What is needed: Below are some records. Set down exactly the line holding "Black handheld Peak" and every later line through the end, omitting the pictures.

----

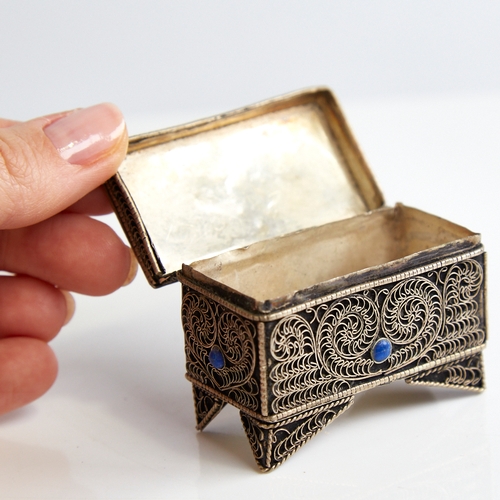 1124 - An unmarked silver Judaica miniature casket, floral wirework decoration set with cabochon garnet tur... 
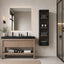 Wooden Linen Cabinet pair with freestanding vanity in modern bathroom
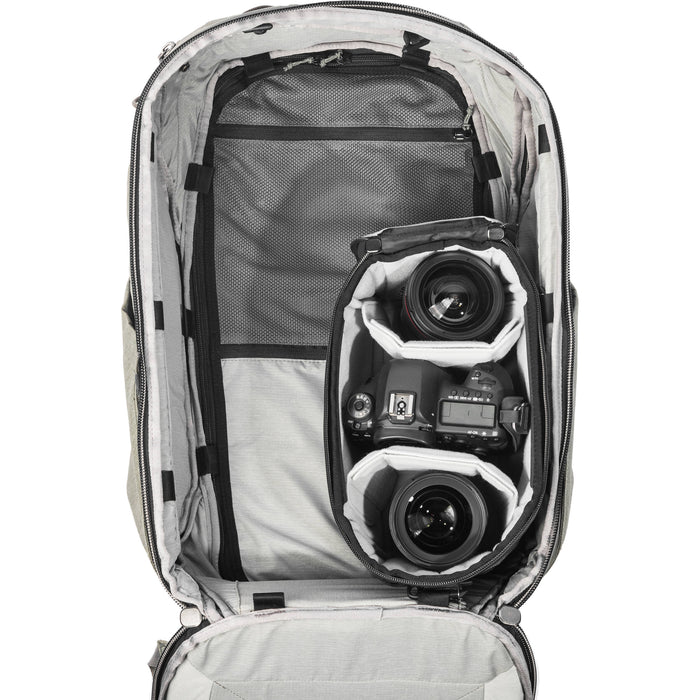 Black handheld Peak Design Camera Cube V2 with adjustable dividers, zipper closure, and durable nylon exterior, perfect for carrying camera gear safely.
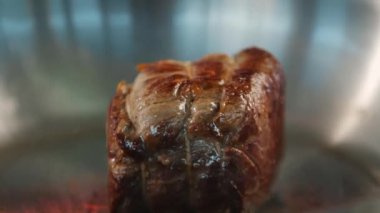 Close-up of a filet mignon being cooked in frying pan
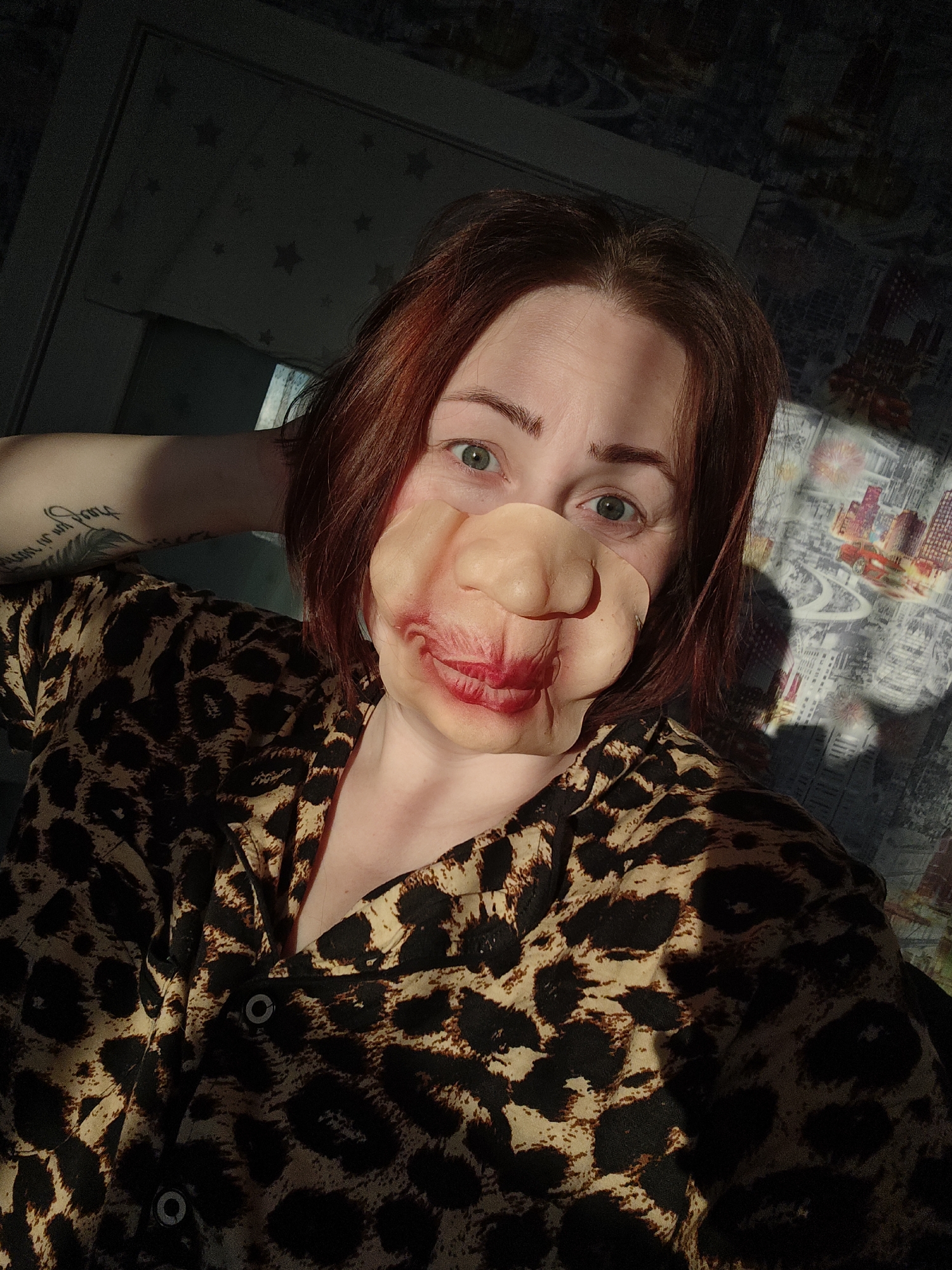 A woman with fair skin and auburn hair is seen in an indoor selfie. She is wearing a leopard-print shirt and holding her hand behind her head. She is also wearing a novelty prosthetic mask resembling a large nose and lips painted with red lipstick. The background includes a dark-colored wall on the left and a patterned wall or bedspread on the right. The image is partially illuminated by sunlight, creating shadows and highlights throughout the scene. This photo was taken in Markovskii, Russia.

----

Exercise result:
 Black handheld Peak Design Camera Cube V2 with adjustable dividers, zipper closure, and durable nylon exterior, perfect for carrying camera gear safely.
 Close-up of a filet mignon being cooked in frying pan
 A woman with fair skin and auburn hair is seen in an indoor selfie. She is wearing a leopard-print shirt and holding her hand behind her head. She is also wearing a novelty prosthetic mask resembling a large nose and lips painted with red lipstick. The background includes a dark-colored wall on the left and a patterned wall or bedspread on the right. The image is partially illuminated by sunlight, creating shadows and highlights throughout the scene. This photo was taken in Markovskii, Russia.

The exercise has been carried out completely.